On iis logs, suppose I have 60000 transactions per 24 hours. How can I get a random sample of say 5000 events? I need to get a random sample for each day for suppose last 50 days. I want to build control charts based on response time (time_taken) from the iis logs.
Here is a random sample macro I use:
From macros.conf
:
[Random_Sample(1)]
args = RandomSamplePercentEventsToKeep
definition = eval RandomSampleSeed = random()\
| sort 0 -RandomSampleSeed\
| eventstats count AS RandomSmpleTotalEventCount\
| eval RandomSampleNumberToKeep = ceil($RandomSamplePercentEventsToKeep$ * RandomSmpleTotalEventCount / 100)\
| streamstats count AS RandomSampleSerialNumber\
| where RandomSampleSerialNumber<=RandomSampleNumberToKeep\
| fields = RandomSample*
iseval = 0
The latest Splunk Cloud version has recently gotten an event sampling feature, so it'd be reasonable to assume that's coming to Splunk Enterprise some day as well.
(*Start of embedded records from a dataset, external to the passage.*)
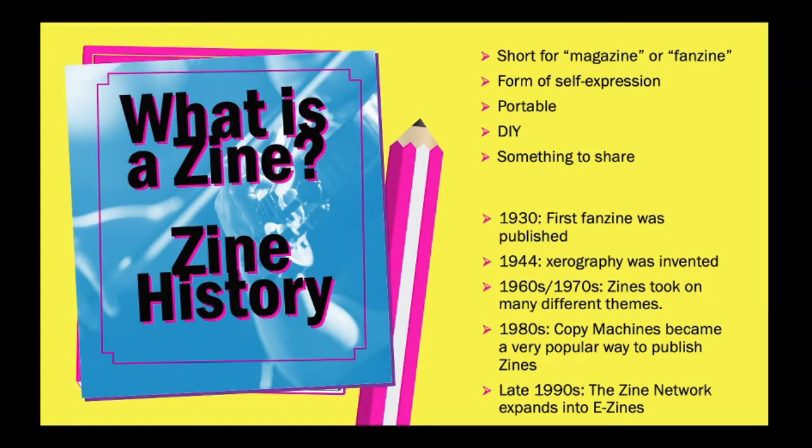In the 60s and 70s, zines started becoming more themed. They took on a lot of different themes like political, literary, revolution, music, art, and all kinds of different things. In the 70s, when punk rock was starting to get really popular, a lot of punk rock zines began to emerge. In the late 70s, when the DIY movement came out, a lot of zines were created on DIY projects and the indie music scene. In the 1980s, copy machines became a very popular way to publish zines, because you could make multiple copies without having to hand draw or color each one. And in the 90s, the zine network expanded into the realm of e-zines.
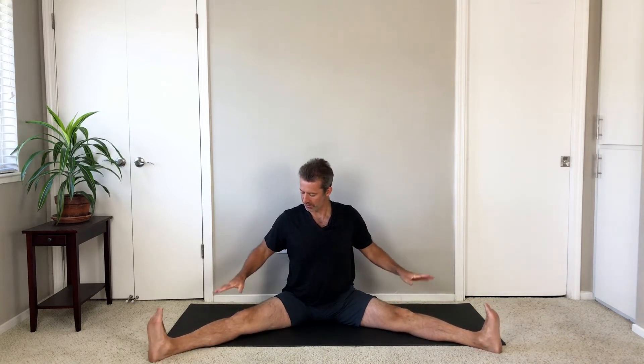Take your legs wide again. This time with a forward bend. Drive your thighs down, push out through your feet, and then hinge forward right down the center of your legs.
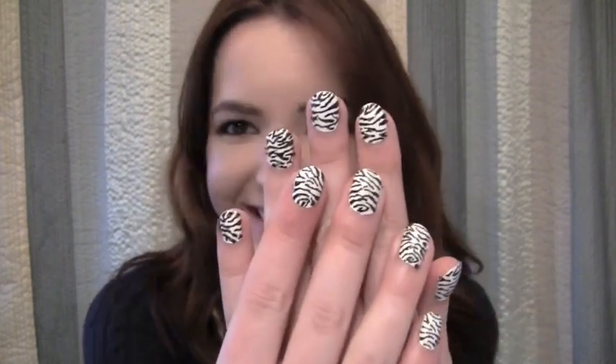Hi everyone! So many of you have requested the zebra nails again because this loser over here accidentally deleted the other zebra nails tutorial. I should just walk around with an L on my forehead for being such a loser for deleting the first zebra nail tutorial, and so I had to redo it. So this is the new one, and here's the whole intro already. If you guys want these nails, the whole cute zebra nails, just keep watching.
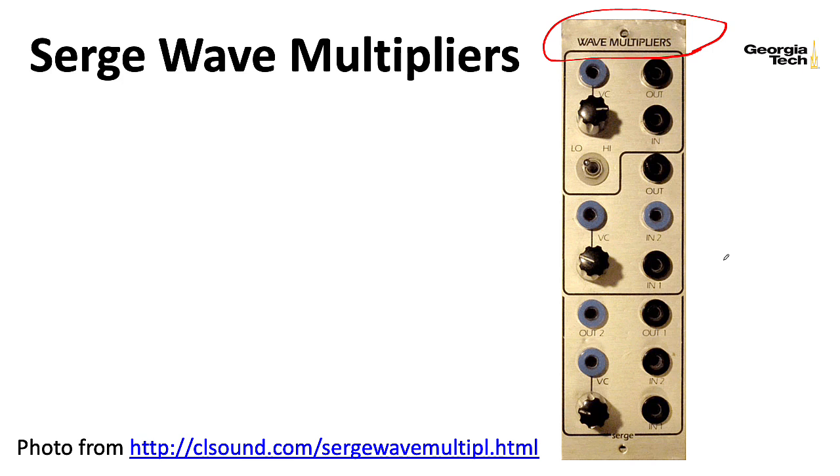A slight difference in philosophy is that Buchla would take his timbre circuitry and internally hardwire its input to the sine wave output of his oscillators. In the Serge paradigm, you can stick whatever waveform in here you want — a sinusoid, a sawtooth, a triangle, or even your voice. Something interesting about the early Serges is they usually had paper faceplates, so people will talk about paper face Serges. To make manufacturing simple, they would make standard panels with pre-drilled holes, and if a module didn't need a hole, the paper would just cover it up.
http://docs.splunk.com/Documentation/Splunk/6.3.1511/Search/Retrieveasamplesetofevents
Until then, you could fake a sampling rate of 1:60 by only looking at a specific date_second
, or a sampling rate of 1:30 by looking at two seconds, and so on. If your data is sufficiently well-spread, this not-random sampling should work well enough.
For both sampling approaches, make sure you don't mess up your transactions if they comprise of multiple events per transaction.
Alternatively, just run over all your data without sampling.
For 1:60 sampling, add date_second = 42
to your search. Any other second will do.
To check if this gives you a reasonable sampling, you could run statistics by second to see if there are any outliers, e.g. lots of events generated at the second zero from cronjobs.
You really should first consider running over your entire data set though. 60000 events over 24 hours really isn't that much if you have reference-spec hardware or better.
can you give me example of how to fake the sampling ?